Landmark Books in All Fields
ItemID: #118767
Cost: $750.00

Prison Life and Reflections

Mark Twain

"THE FIRST SLAVE RESCUERS TO GAIN RENOWN AMONG ABOLITIONISTS": VERY SCARCE 1851 EDITION OF THOMPSON'S PRISON LIFE AND REFLECTIONS, WITH FAMOUS FRONTISPIECE ENGRAVING OF THE THREE ABOLITIONISTS CHAINED TO THE CELL WALL

(TWAIN, Mark) (SLAVERY) Thompson, George. Prison Life and Reflections; Or, A Narrative of the Arrest, Trial, Conviction, Imprisonment, Treatment, Observations, Reflections, and Deliverance of Work, Burr, and Thompson… For Attempting to Aid Some Slaves to Liberty. Three Parts in One Volume. Hartford: A. Work, 1851. Octavo, original blind-stamped brown cloth. $750.

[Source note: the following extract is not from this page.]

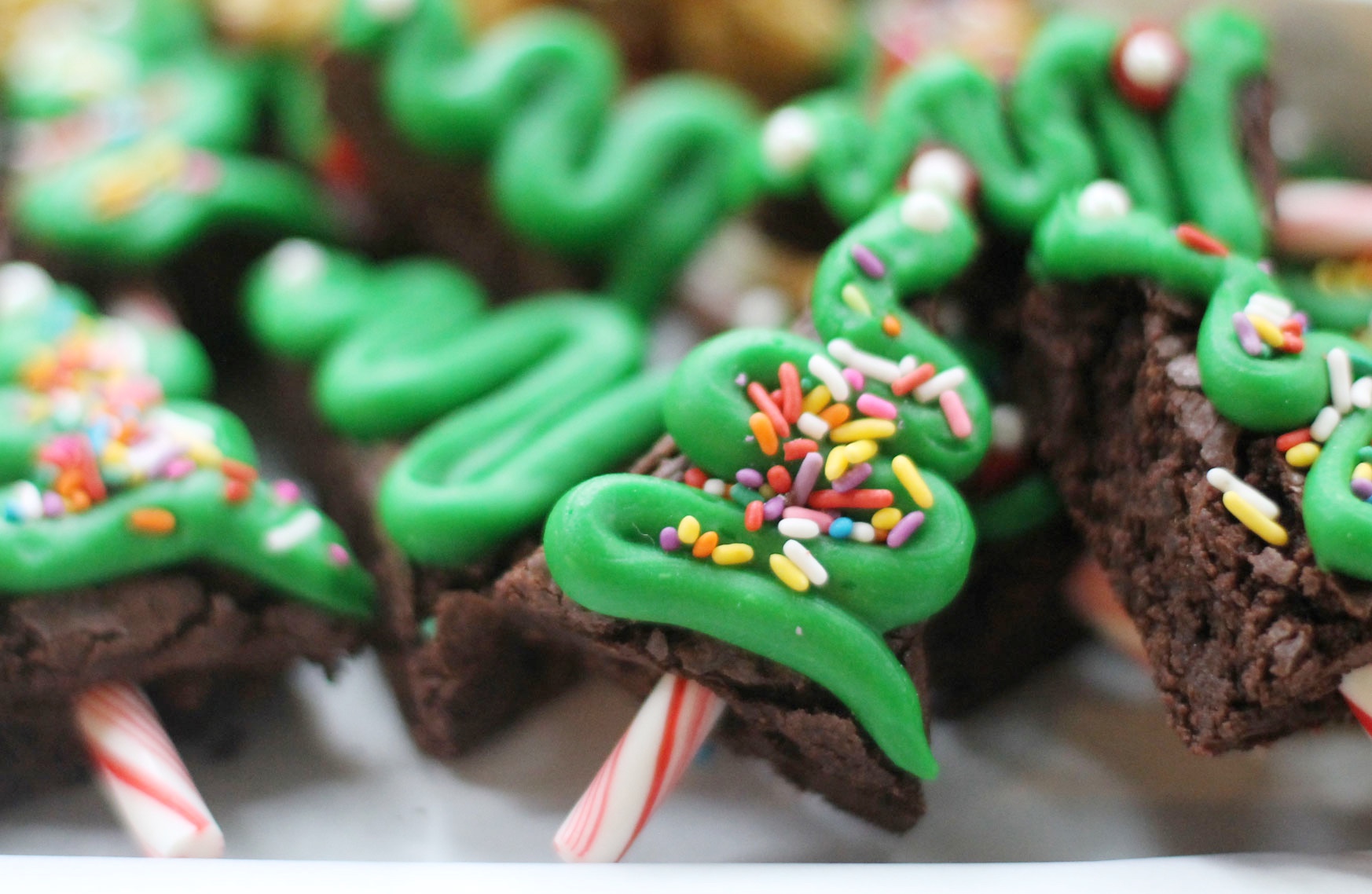 You're going to want to make these really stinkin' cute Christmas tree shaped brownies for ALL of your holiday parties! Click through for the DIY. | glitterinc.com | @glitterinc - How to Make The Cutest Easy Christmas Brownies by North Carolina foodie blogger Glitter, Inc.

1851 edition of Thompson's powerful account of "one of the first instances of whites putting their lives at risk to rescue slaves," chronicling the attempted rescue of slaves on the bank of the Mississippi, the trial of the three famed abolitionists convicted by a jury that included the father of Mark Twain with the young Twain said to be in attendance, featuring the frontispiece engraving of the three abolitionists chained in ankle irons in their cell, in original cloth.

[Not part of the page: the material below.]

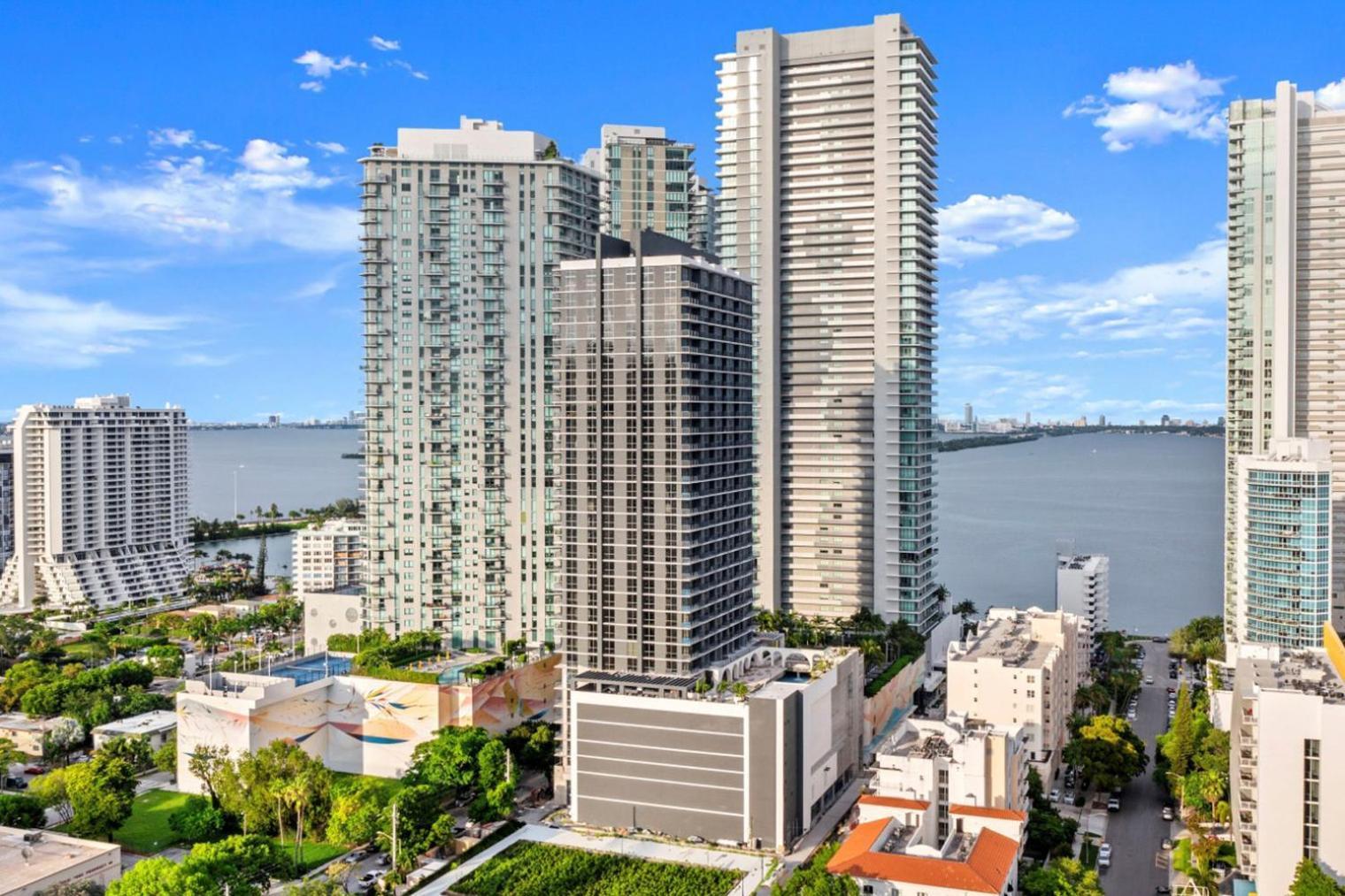 Blueground Edgewater Gym Pool Ac Balcony Mia-113 Apartment *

In July 1841 minister George Thompson, co-founder of the Illinois State Anti-Slavery Society, Alonson Work of the Underground Railroad, and James E. Burr, became "the first slave rescuers to gain renown among abolitionists" (Harrold, Abolitionists and the South). Traveling to the Missouri side of the Mississippi River, where they attempted to help slaves cross into Illinois, they were betrayed and arrested. As lynch mobs formed outside the courthouse, the three men became "proof of the slaveholders' worst fears: abolitionist radicals from across the river would not be content to 'agitate' about slavery; they were ready to invade Missouri and steal slaves… Although there had been antislavery activity in Marion County, never before had white men been caught trying to free slaves" (Dempsy, Searching for Jim, 39-40). Their arrest, however, was legally precarious, for Missouri "had no law under which they could have been charged; false witnesses and a kangaroo court obtained the conviction" (Wolf 107).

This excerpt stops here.